#### EXERCISE DESCRIPTION
Repeat the listing below word for word, minus the pictures.

#### INFORMATION SHOWN
——————

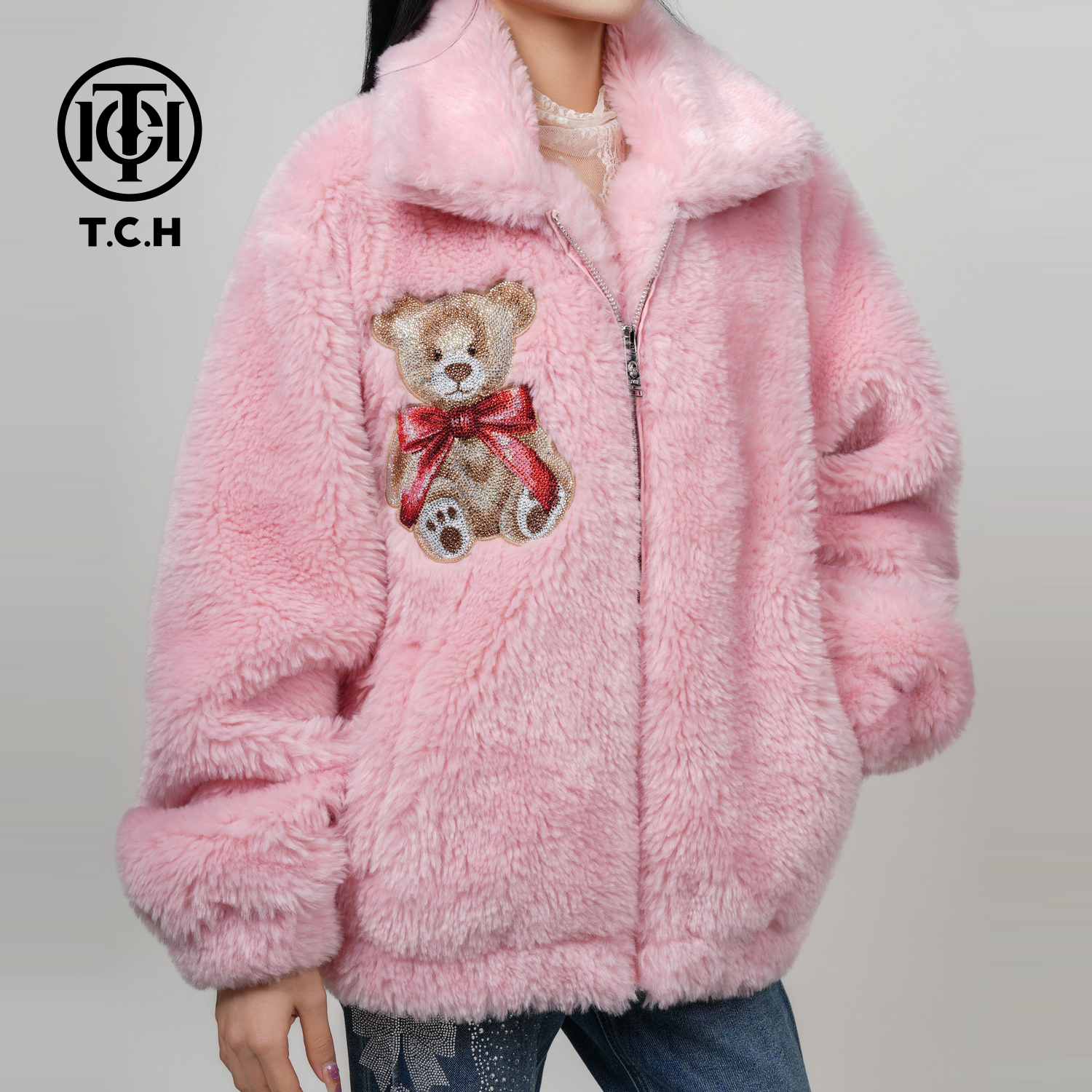 TCH轻奢时尚潮牌烫钻粉色翻领毛毛外套女2025冬季新款T75C27E9009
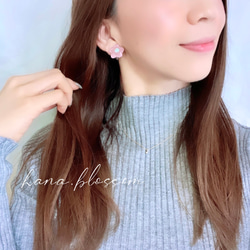 glass flower retro sakuramochi Earrings 7枚目の画像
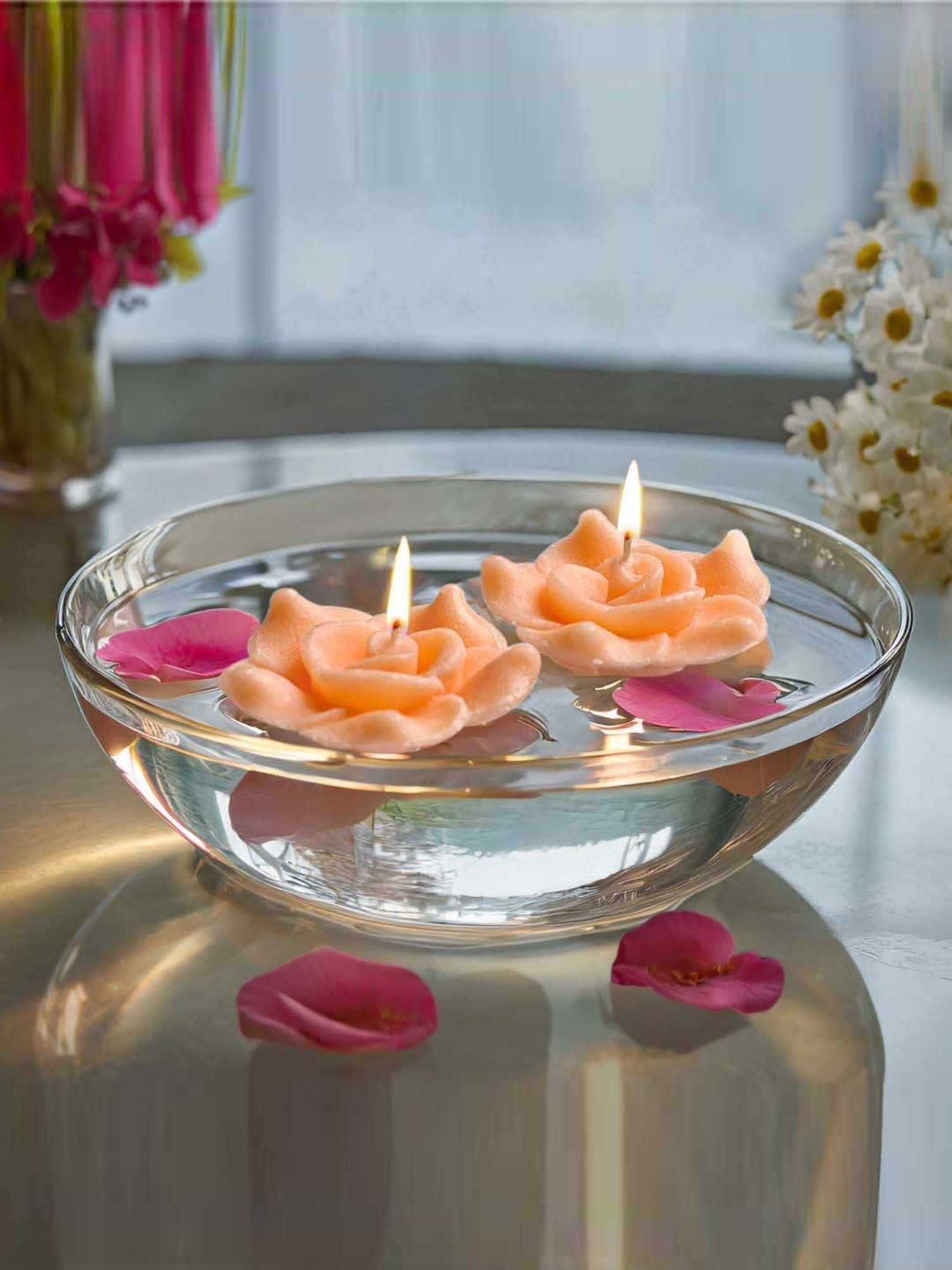 IRIS Pink Home Fragrances Peach Pomogranate Aromatic Floating Candle Pack of 2 (Set of 4)
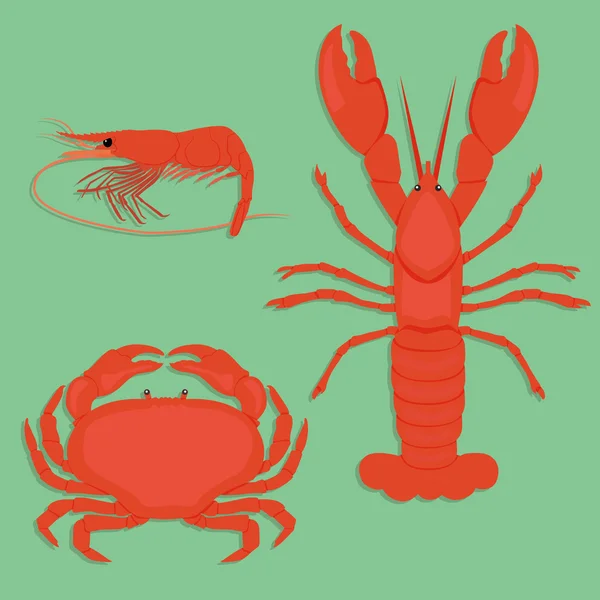 Набір ракоподібних морепродуктів — стоковий вектор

——————

#### WRITTEN SOLUTION
 TCH轻奢时尚潮牌烫钻粉色翻领毛毛外套女2025冬季新款T75C27E9009
 glass flower retro sakuramochi Earrings 7枚目の画像
 IRIS Pink Home Fragrances Peach Pomogranate Aromatic Floating Candle Pack of 2 (Set of 4)
 Набір ракоподібних морепродуктів — стоковий вектор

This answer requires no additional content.